A method for motion analysis and frame keying is illustrated with the flow diagram of FIG. 11A and the corresponding set of frames 1116 shown in FIG. 11B. Excessive motion patterns within a family of related frames are identified at block 1104 of FIG. 11A, permitting new anchor frames to be generated at block 1108, based on statistical trends and new frame variances. The intermediate frames on excessive motions may be eliminated at block 1112 so that the size of the transmission is correspondingly reduced.

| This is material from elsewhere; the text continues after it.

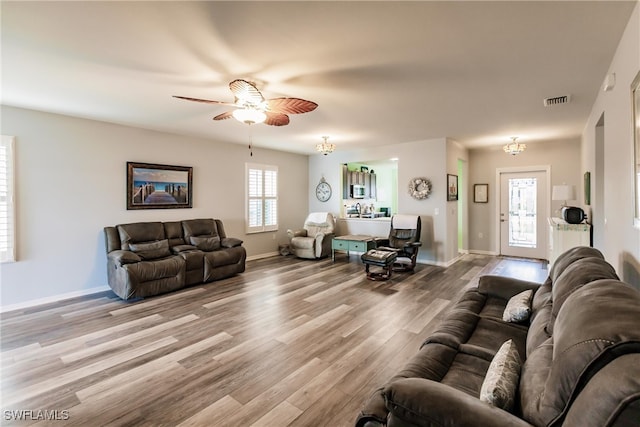 living room featuring light wood-type flooring and ceiling fan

A method for optimizing video-sequence transmission is illustrated with the flow diagram of FIG. 12A and the corresponding set of frames 1220 provided in FIG. 12B. This method is related to the method described in connection with FIGS. 8A and 8B and results in a dynamic reassignment of codecs based on certain identified parameters. For example, at block 1204, changes in connection bandwidth, RSVP and QoS provisioning, and/or connection speed are identified. At block 1208, video hardware changes are identified. At block 1212, changes in frame size and/or in image quality are identified. Based on these identifications, the dynamic reassignment of codecs is implemented at block 1216.

The conferencing application described herein may be embodied on a computational device such as illustrated schematically in FIG. 13, which broadly illustrates how individual system elements may be implemented in a separated or more integrated manner. The computational device 1300 is shown comprised of hardware elements that are electrically coupled via bus 1326. The hardware elements include a processor 1302, an input device 1304, an output device 1306, a storage device 1308, a computer-readable storage media reader 1310a, a communications system 1314, a processing acceleration unit 1316 such as a DSP or special-purpose processor, and a memory 1318. The computer-readable storage media reader 1310a is further connected to a computer-readable storage medium 1310b, the combination comprehensively representing remote, local, fixed, and/or removable storage devices plus storage media for temporarily and/or more permanently containing computer-readable information. The communications system 1314 may comprise a wired, wireless, modem, and/or other type of interfacing connection and permits data to be exchanged with external devices.

The computational device 5300 also comprises software elements, shown as being currently located within working memory 1320, including an operating system 1324 and other code 1322, such as a program designed to implement methods of the invention. It will be apparent to those skilled in the art that substantial variations may be used in accordance with specific requirements. For example, customized hardware might also be used and/or particular elements might be implemented in hardware, software (including portable software, such as applets), or both. Further, connection to other computing devices such as network input/output devices may be employed.

Having described several embodiments, it will be recognized by those of skill in the art that various modifications, alternative constructions, and equivalents may be used without departing from the spirit of the invention. Accordingly, the above description should not be taken as limiting the scope of the invention, which is defined in the following claims.